Of course, by then he had returned from the war, received his GED certificate, a bachelor's degree and a master's degree, and was teaching at Centennial.
Today, the state Veterans Affairs board hopes schools across the state follow the lead of Centennial and others in bringing back their war-year students to give them their diplomas.
The diplomas should go to any qualifying vet regardless of whether they ever returned in school, board chairman Doug Sterner of Pueblo said.
"They got their education defending America," Sterner said.
On Friday, the Veterans Affairs board announced a partnership with the state Department of Education, area schools and Congressman Scott McInnis for the initiation of "Operation Recognition."
The setting for the announcement was Heroes Plaza outside the Pueblo Convention Center. Nearby, a local radio station was conducting a fund-raiser for victims of this week's terrorist strikes on the U.S.
The announcement date was initially selected because it was "Star-Spangled Banner Day." Organizers opted to go forward in show of support of the nation's military, board chairman Doug Sterner of Pueblo said.
"We felt at a moment like this, it's very appropriate," Sterner said.
Collyer urged all Colorado veterans who qualify to take part. Even though his case was somewhat special, all of his classmates who dropped out with him to enlist are equally deserving, he said.
"I was ready to go. There were 38 in the same class that had the same feeling - and maybe a few others that didn't want to take second-year algebra," Collyer quipped.
Also in attendance for the kickoff ceremony was Central High School principal Jim Manzanares, whose school last year identified and honored four of its World War II dropouts.
"It was very touching moment. And all of our students were happy to honor them," Manzanares said.
In past years, schools worked individually to bestow such honors, Sterner said. The purpose of Operation Recognition is to expand the program to all schools throughout the state.
A similar program operates in four states, he said.

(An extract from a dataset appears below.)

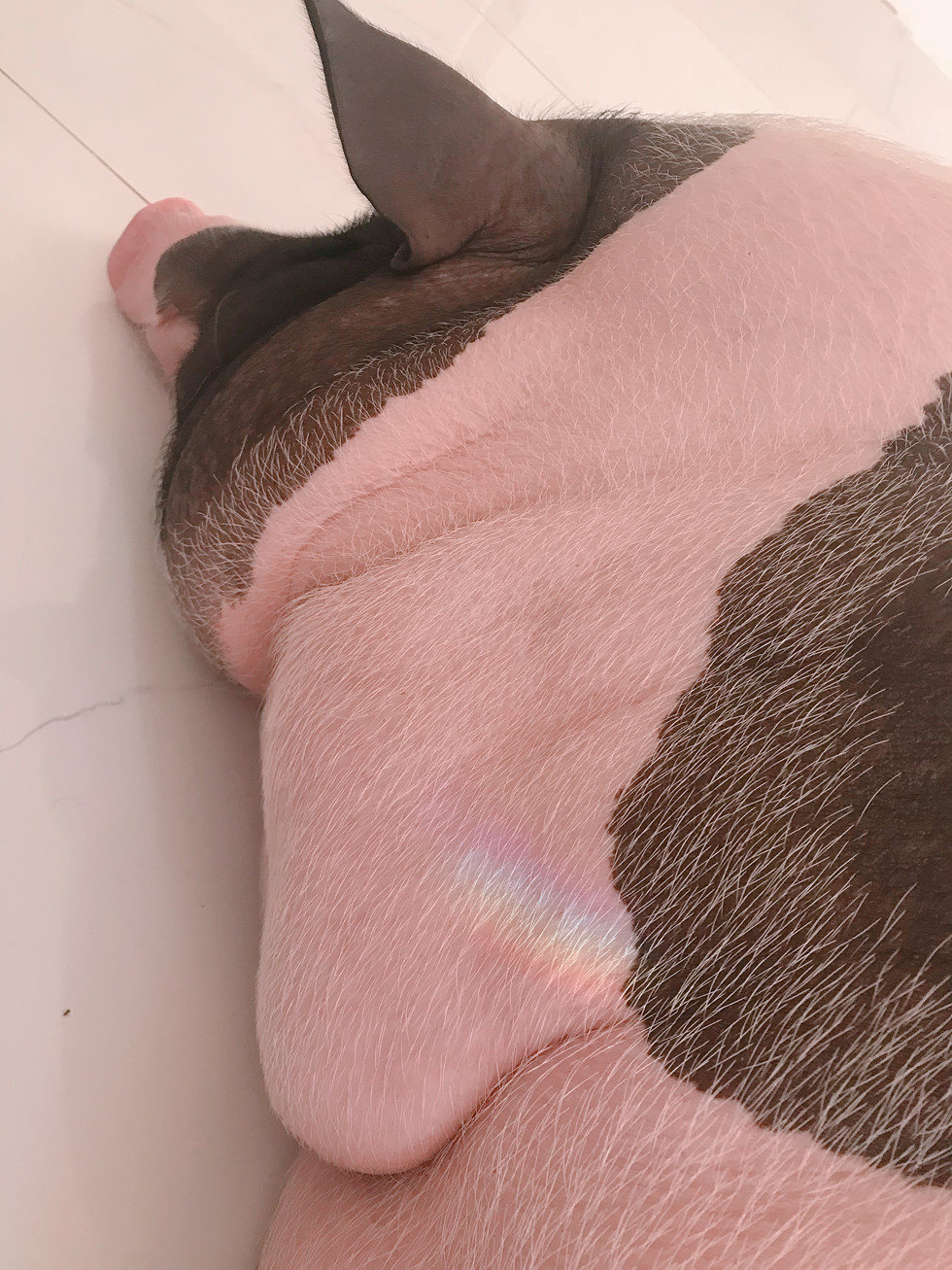 "Thấy nhiều người rộ lên thú nuôi heo cảnh, tuy quảng cáo là heo mini nhưng mình thấy toàn lợn... Móng Cái. Rút kinh nghiệm sâu sắc từ Gấu, mình cảnh báo là sau này nó sẽ to lắm, không nhỏ hoài đâu, mà không ai tin. Đành chịu luôn", Yên cười. Ảnh: NVCC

In Colorado, the high schools already signed up to participate are Central and Centennial in Pueblo, Canon City, Florence, Rye and Fowler, he said.
"We hope that will be followed by dozens more," Sterner said.
To nominate a person for such an honor or to receive more information, contact the respective high schools or a county veterans affairs office.
The program is open to any honorably discharged veteran who served in World War II between Sept. 16, 1940, and Dec. 31, 1946, attended high school between 1937 and 1946, but did not graduate.
Diplomas can also be awarded posthumously, Sterner said.